Danish jewelry manufacturer Pandora says it is trying to make the US diamond jewelry market more accessible to the average consumer by launching its first collection of US lab-created diamonds.
Diamonds by Pandora hit the US and Canadian market this month, offering more value-for-money diamond products for consumers who don’t have the means to dish out thousands of dollars worth of fine jewelry.
Affordable diamonds are a natural next step for the company, whose mission has long been “to democratize the jewelry market,” Pandora CEO Alexander Lacik told FOX Business.
Man-made diamonds, often created in a matter of a few weeks, have the same optical, chemical, thermal and physical characteristics as mined diamonds and are graded to the same cut, color, clarity and carat standards. according to Pandora.
“Lab created diamonds are identical to mined diamonds, but they are less expensive and more accessible to our consumer,” Lacik said. “It takes about a third to get exactly the same result.”

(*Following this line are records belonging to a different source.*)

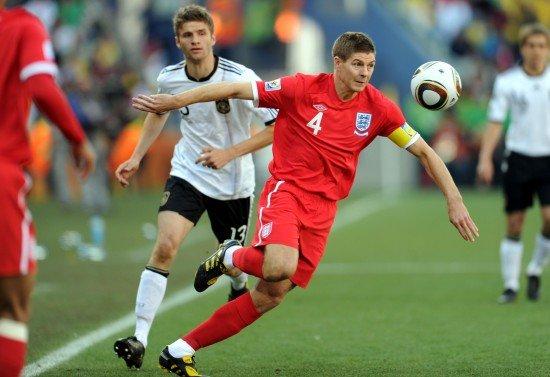 2010德国vs英格兰直播(历史在谈笑间峰回路转——简述2010年世界杯英格兰德国之战)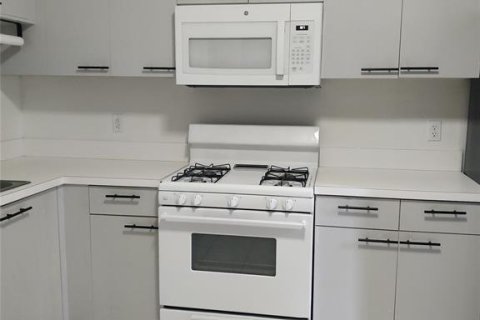 Townhouse in Tamarac, Florida 2 bedrooms, 95.32 sq.m. № 2083815 - photo 3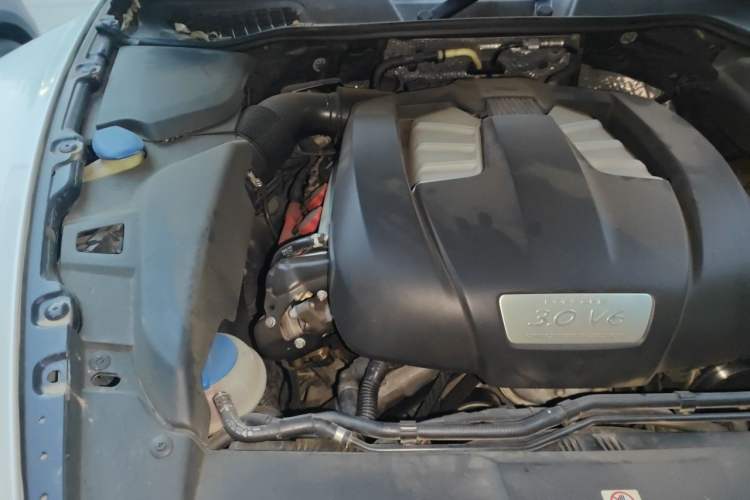 Used Porsche Cayenne 2011 Cayenne 3.0T Engine Bay Right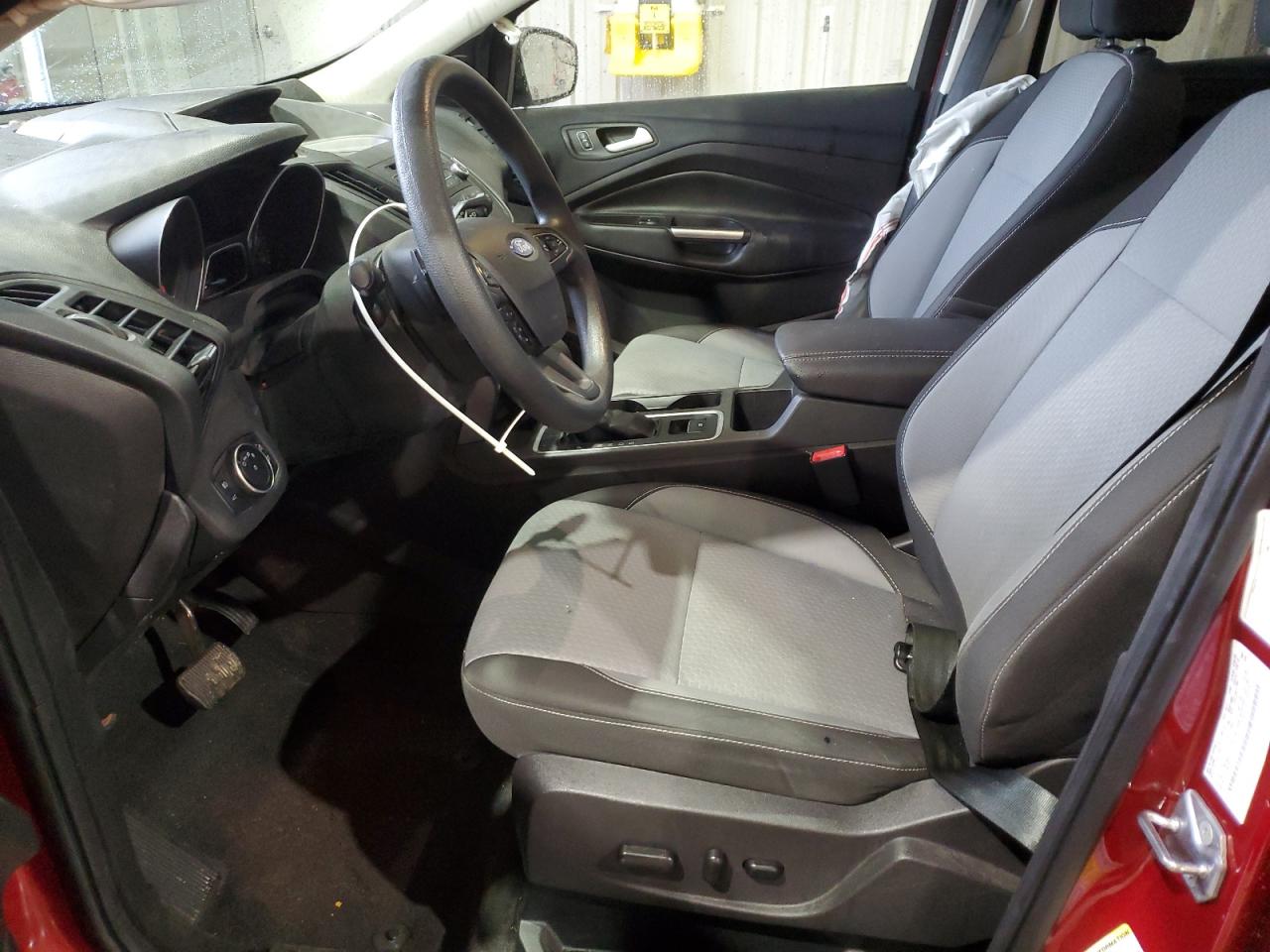 2017 Ford Escape Se VIN: 1FMCU0G98HUC99081 Lot: 92204295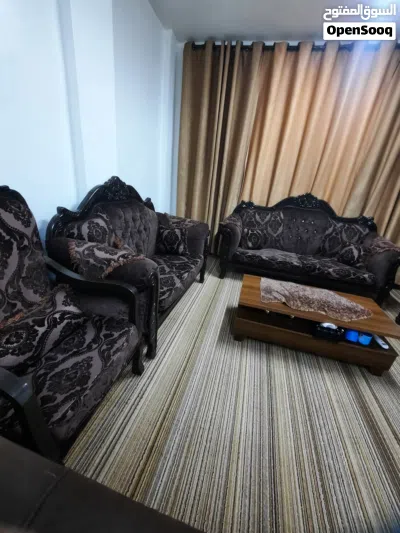 طقم كنب مستعل بحالت الجديد للبيع بسعر 110 4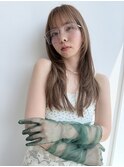 透け感ベージュ×ナチュラルレイヤー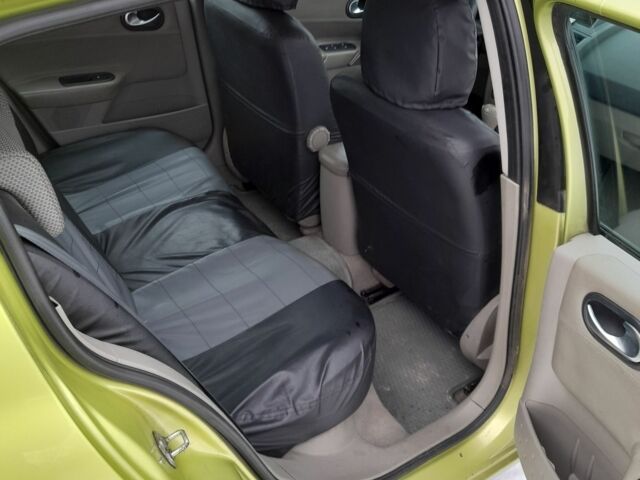 Зелений Рено Меган, об'ємом двигуна 0 л та пробігом 280 тис. км за 4000 $, фото 4 на Automoto.ua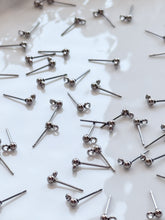Load image into Gallery viewer, Surgical Stainless Steel Ball End Posts with Horizontal Loop (Option B) 50pcs/bag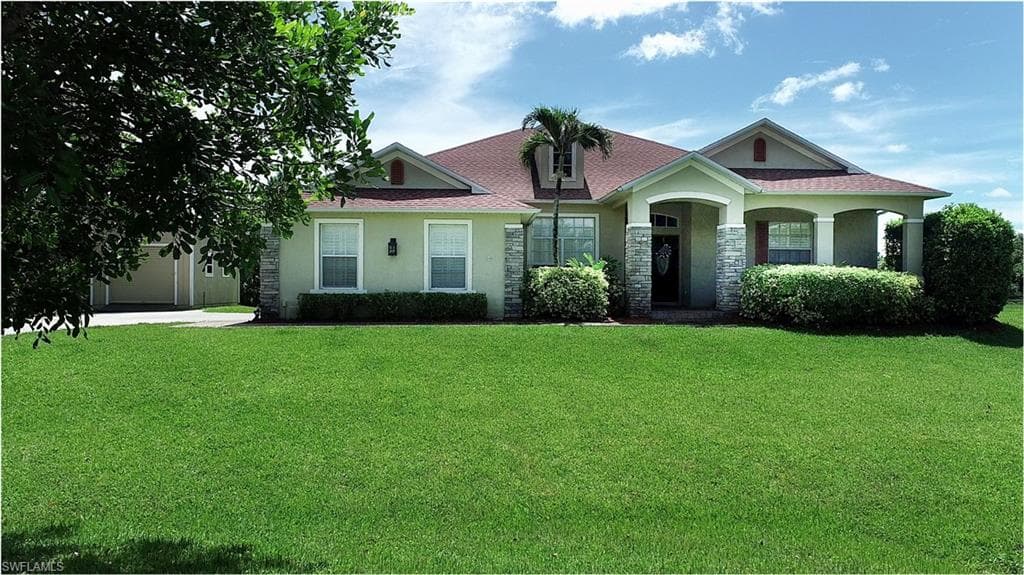18850 Bridge Wood CT ALVA, FL 33920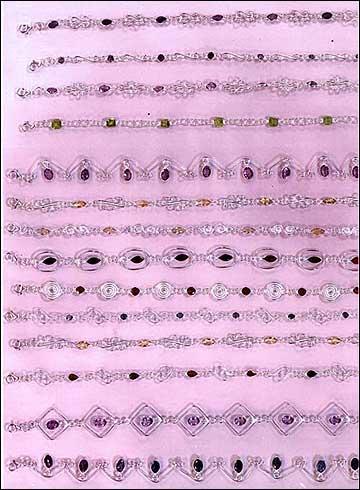 रेड एंड सिल्वर क्लच हब एमएफ 245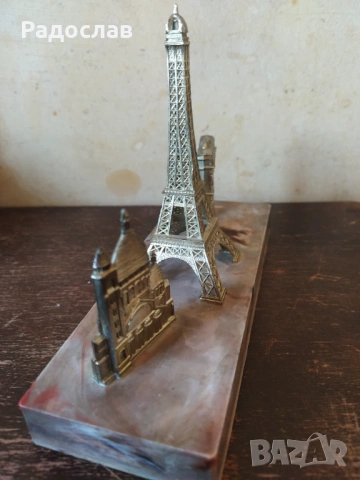 оригинален сувенир статуетка Париж Айфеловата кула , снимка 5 - Статуетки - 54121409
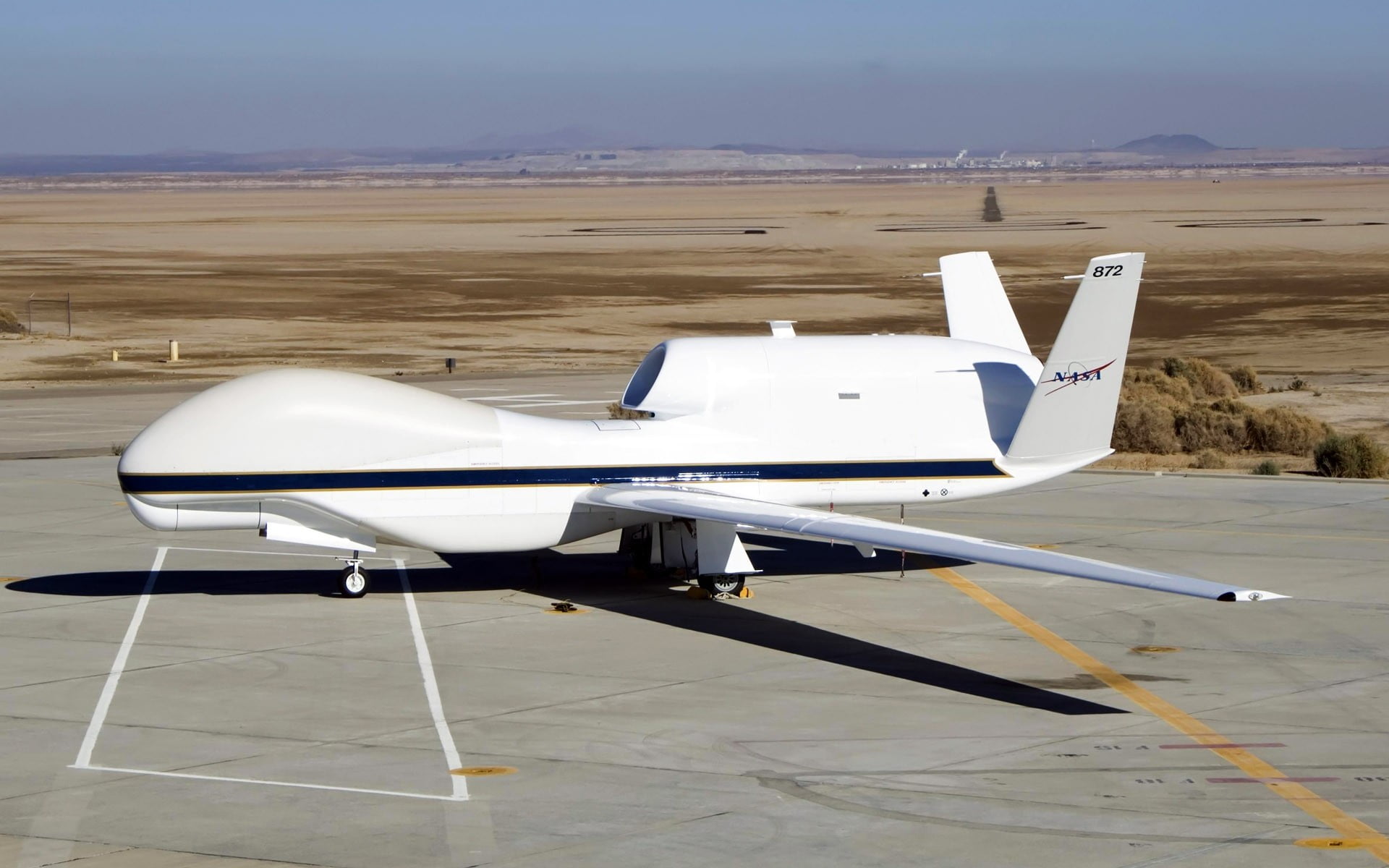 sky, side view, stationary, outdoors, private airplane, nature, mode of transportation, travel, air vehicle, airport, public transportation, aerospace industry, HD Wallpaper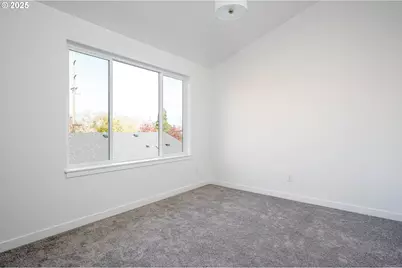 8353 N Newman St, Portland, OR 97203 - Photo 33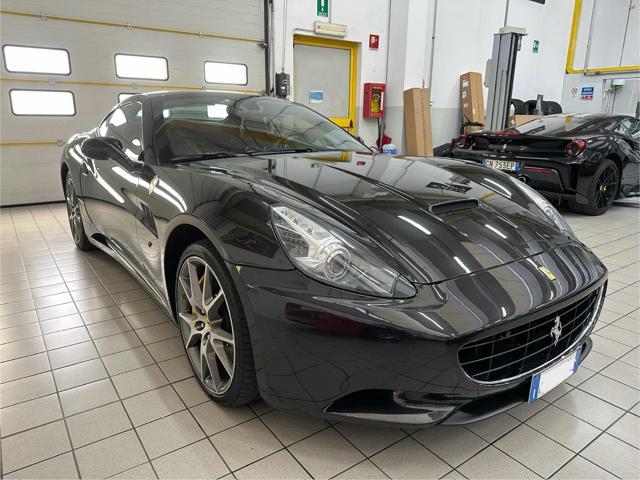 FERRARI California DCT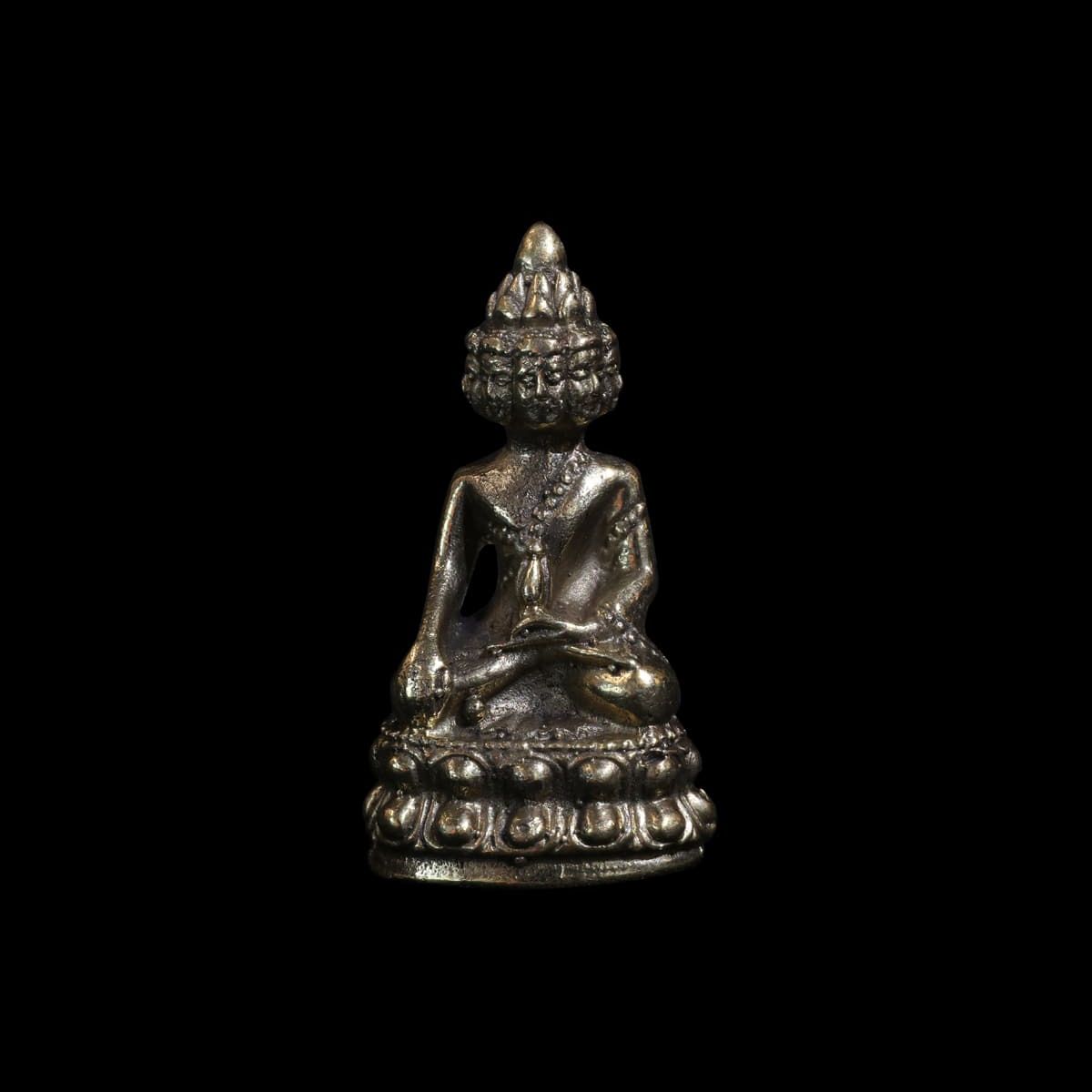Bouddha polycéphale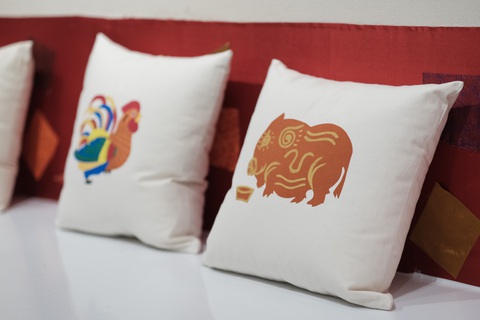 Ngắm những bức tranh được làm từ vụn lụa - Ảnh 3. Ngắm những bức tranh được làm từ vụn lụa - Ảnh 3.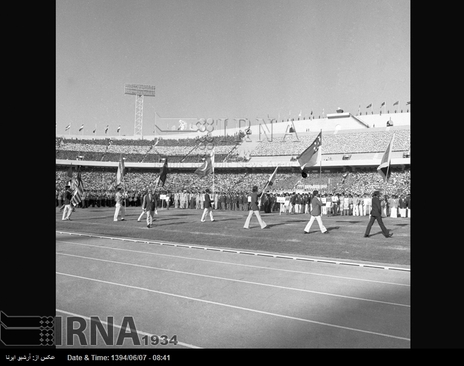  10 شهریور 1353- پرچم المپیک بازی های آسیایی در مراسم افتتاح این بازی ها در استادیوم آریامهر ( آزادی کنونی ) حمل می شود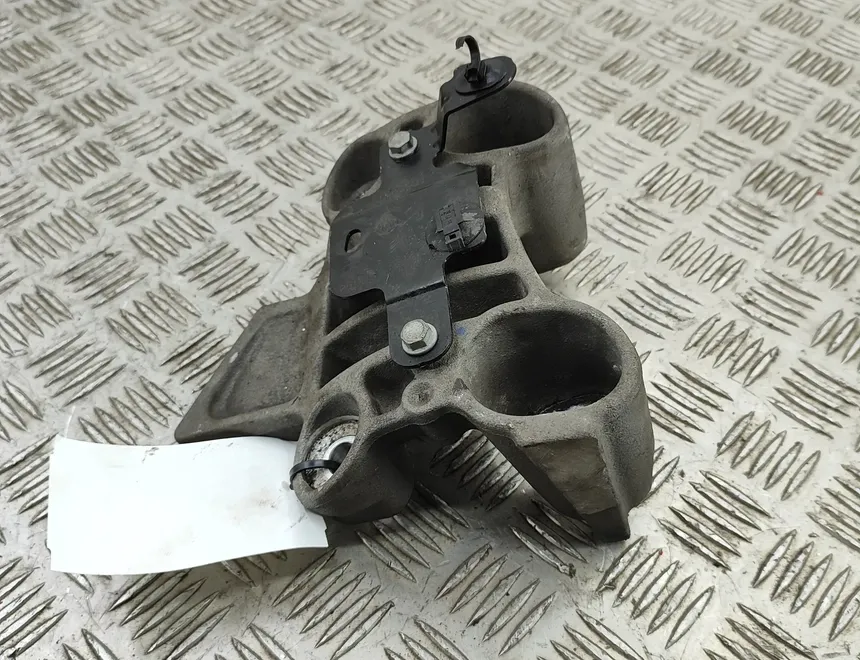 PEUGEOT 2008 2 generation (2019-2023) Engine Bracket Right Side 9826364780 27794965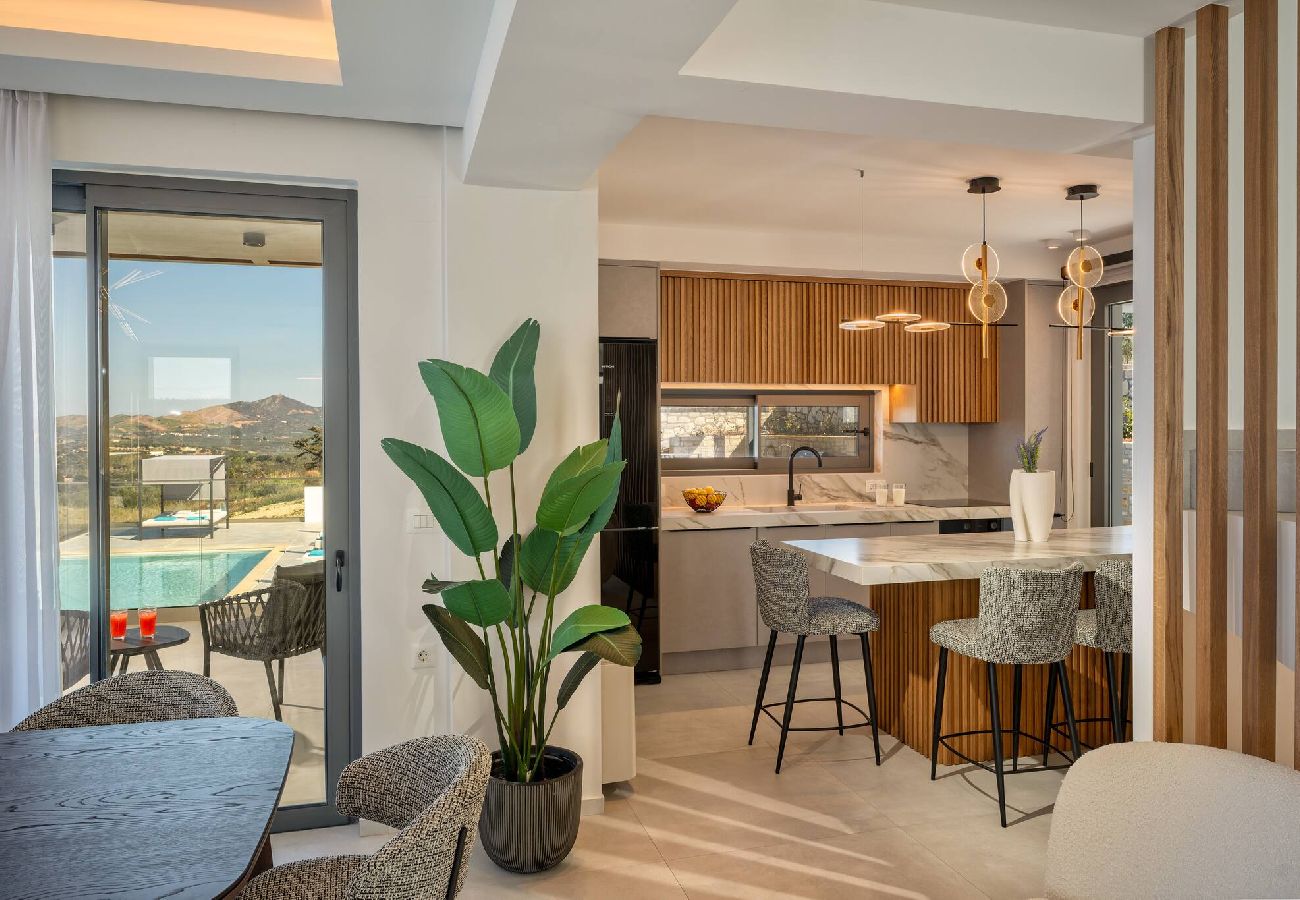 Villa in Aggeliana - Skyline Villas, By Hellocrete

According to The Diamond Pro, the cost of lab diamonds fluctuates constantly. However, in today’s market, they are on average 50% to 60% cheaper, “or even more in some cases,” the outlet reported. For example, a 1.01 carat round natural G VSi diamond from James Allen will cost the consumer $8,360.
By comparison, the 1.01-carat round G VSi diamond created in James Allen’s lab will set you back just $1,650, according to his website. The diamonds are “almost identical grades” but the lab created diamond it’s 20% of the price, according to The Diamond Pro.
In the US, more than a dozen brands, including Vibranium Lab, James Allen, Clean Origin, Blue Nile, Ritani, Diamond Foundry and Aether, have already produced affordable jewelry products using lab-grown diamonds.
Pandora’s first U.S. lab-grown collection, in particular, consists of rings, earrings, bracelets, and necklaces that range in price from $300 for a .15-carat ring to less than $1,950 for a .15-carat ring. carat. Diamonds are grown in the United States and are made from 100% recycled silver and gold.
The company claims that it is already the largest jewelry company by volume, producing more than 100 million pieces a year, because it markets to the “mass consumer”. Its products are sold in 100 countries, including in more than 2,400 concept stores.
“We’re playing in the affordable part of the luxury space,” Lacik said. “And with prices at this kind of level, all of a sudden, it becomes quite interesting for our customer base.”
However, the company, best known for its charm bracelets, is working on marketing and launching additional collections such as Diamonds by Pandora to further fuel growth.
Lacik said that the company has approximately 700 million visits to its global platforms annually.
“We converted this to about 50 million business transactions, and the idea is to try to increase that conversion rate,” he added. “And how we would do that is primarily by releasing more collections.”
Even in the middle of painfully high inflation and economic uncertaintyLacik said the company plans to drive organic growth of between 4% and 6% for fiscal 2022 due to the fact that jewelry is a discretionary category.
“People still have anniversaries and birthdays,” he said. “I think our business appears to be reasonably recession-proof.”
Since the 2008-09 crisis, the jewelry category has outpaced GDP growth by a factor of two, it added.
The company is even hoping to have a “decent big season” for the upcoming holiday season, which is a pivotal time for retailers.